Zachary Cummings was born in Baton Rouge, Louisiana. In 2011, he received undergraduate degrees in both Studio Art and Physics from Louisiana State University. He completed his MFA in Visual Art at Rutgers in 2013. He works primarily in painting. Zachary recently moved from Brooklyn to Delhi, NY where he lives with his wife and daughter. In his work, he investigates visual means of negation and the non-binary logic associated with these means. The paintings are often approached from both the front and back of the canvas. The canvas surface itself folds around internal structures, creating crevices and skewed planes. These techniques open up additional dimensions.
Jaclyn Guido grew up in Baltimore, occupying her time as an only child by making drawings, collages, maps, puppets, and fabric constructions. She frequented the Baltimore Museum of Art with her mom where she was inspired at a young age by Matisse’s cut outs, the Surrealists, and was engaged in lengthy conversations about art vs. artifact. She studied Industrial Design at RISD and acquired the process and skills to bring her three-dimensional ideas to life. She has since worked full time designing and fabricating store windows and interiors, while maintaining her fine art practice in her tiny Hamden studio. She is passionate about local fabrication, the natural world, art’s ability to express human experience, and backpacking the Catskills region.

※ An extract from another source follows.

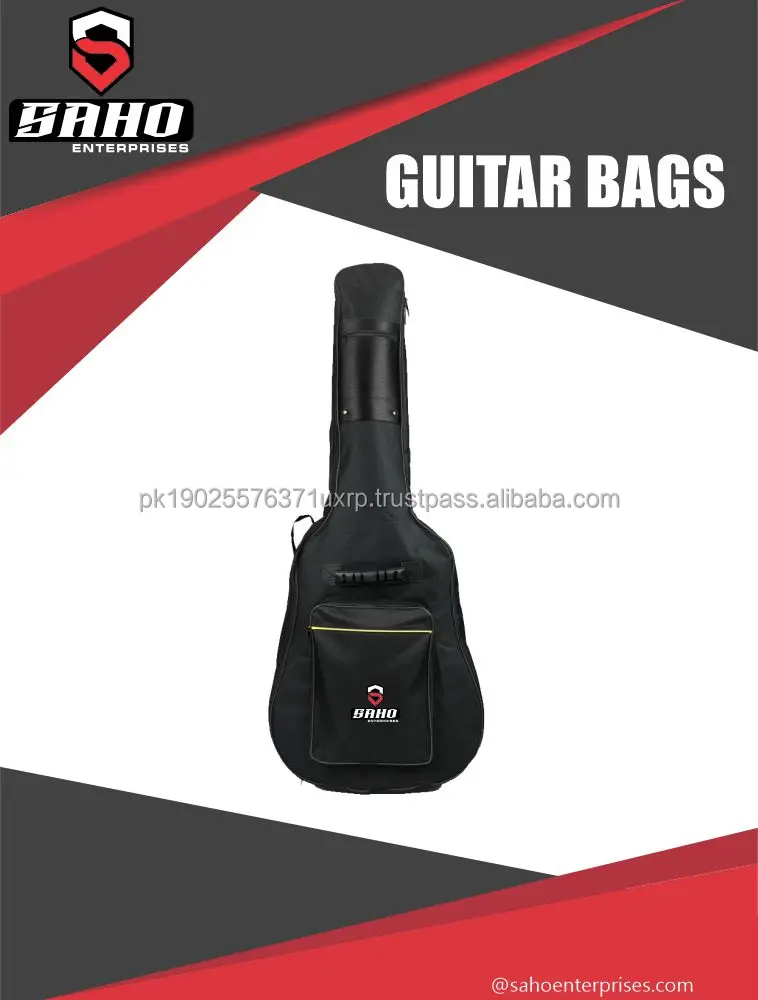 Waterproof Double Straps Guitar Shaped Bags Electronic Guitar Bag Buy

Julia Haft-Candell lives and works in Los Angeles. Recent solo exhibitions include CANDICE MADEY, New York, NY; Night Gallery, Los Angeles, CA; Parrasch Heijen Gallery, Los Angeles, CA; and group exhibitions at CANDICE MADEY, New York, NY; Inman Gallery, Houston, TX; Grand Central Art Center at California State University, Fullerton CA; the Craft Contemporary, Los Angeles, CA; and Interface Gallery, Oakland, CA, among others; other upcoming exhibitions include Canada, New York, NY, and Klaus Von nichtssagend, New York, NY. Her work has been written about in Artforum, Surface Magazine, The New York Times, and The Los Angeles Times. She received an MFA from California State University Long Beach and BA in Studio Art and International Relations from University of California Davis. She is the founder of the infinite school, an experimental space for ceramic education outside of the institution.

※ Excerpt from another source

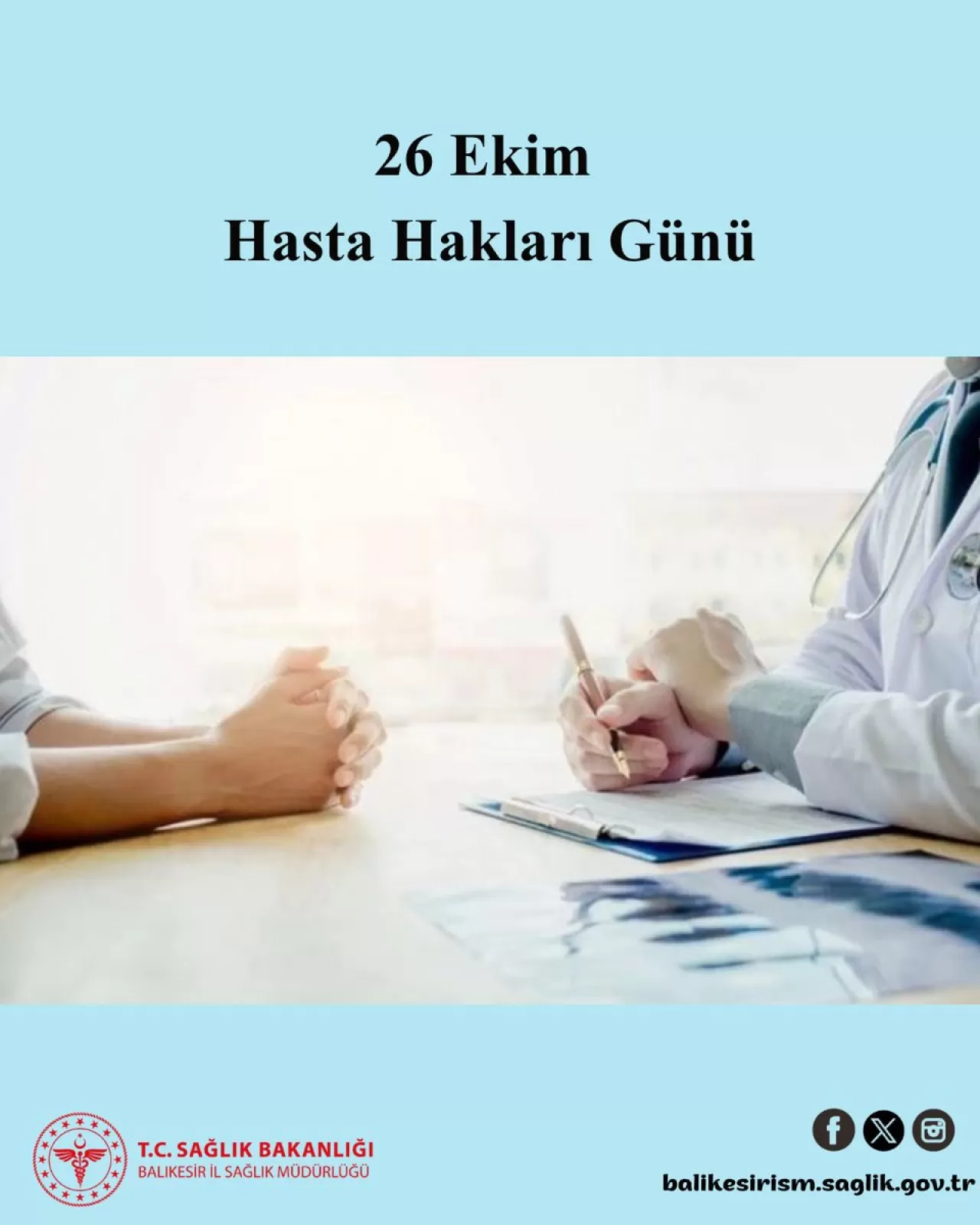 Balıkesir'de Hasta Hakları Günü Kutlandı: Sağlık Hizmetinde Kalite ve Erişim Vurgusu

Leonardo Madriz (b.1987, Louisiana) is an interdisciplinary artist based in Brooklyn, NewYork. He holds an MFA from Hunter College (NY, 2021) and a BFA from Louisiana State University (2010). His first solo show is forthcoming at NARS Foundation (Brooklyn, NY) in early 2023, and his installation, Letters to Home, Pt. 1, will be exhibited at CURRENTS New Media Festival (Santa Fe, NM) in June 2022. Recent group shows in New York include Shadow & Light, Longwood Gallery and Bronx Council on the Arts (2022); Lucky to Be Here, Bronx Council on the Arts (2021); Heaven, 205 Hudson Street Gallery (2021); Orphans of Painting II, Ethan Cohen KuBe (2019); and Waiting for the Garden of Eden, White Box Gallery (2019). His work has been featured by Hyperallergic and Hauser & Wirth.
Sahra Motalebi (b. 1979, Birmingham, Alabama) is an artist, vocalist, and writer. Often formatted as performance-exhibition, her work includes opera, scenographic installation, vocal composition and recordings, painting, voice-sculpture, video, and text. Her projects have been exhibited and she has performed at The Kitchen, MoMA PS1, New Museum, SculptureCenter, Swiss Institute. Motalebi participated in the 79th Whitney Biennial in 2019 and was a Visual Arts Fellow at Harvard’s Radcliffe Institute 2020-2021. She has been the artist in residence at NYU’s 80WSE Gallery, Chinati Foundation, Villa Empain, Watermill Center, and Yaddo. She has collaborated with Sophia Al-Maria, Darren Bader, Sibyl Kempson, Rashaun Mitchell and Silas Reiner, Asad Raza, Will Rawls, and worked with the Yves Klein Archives. Motalebi graduated from Sarah Lawrence College with a Bachelor of Liberal Arts. Motalebi attended the Master of Architecture program at Columbia University’s GSAPP, later withdrawing to focus on the intersections of art, architecture, and performance. She currently lives in New York.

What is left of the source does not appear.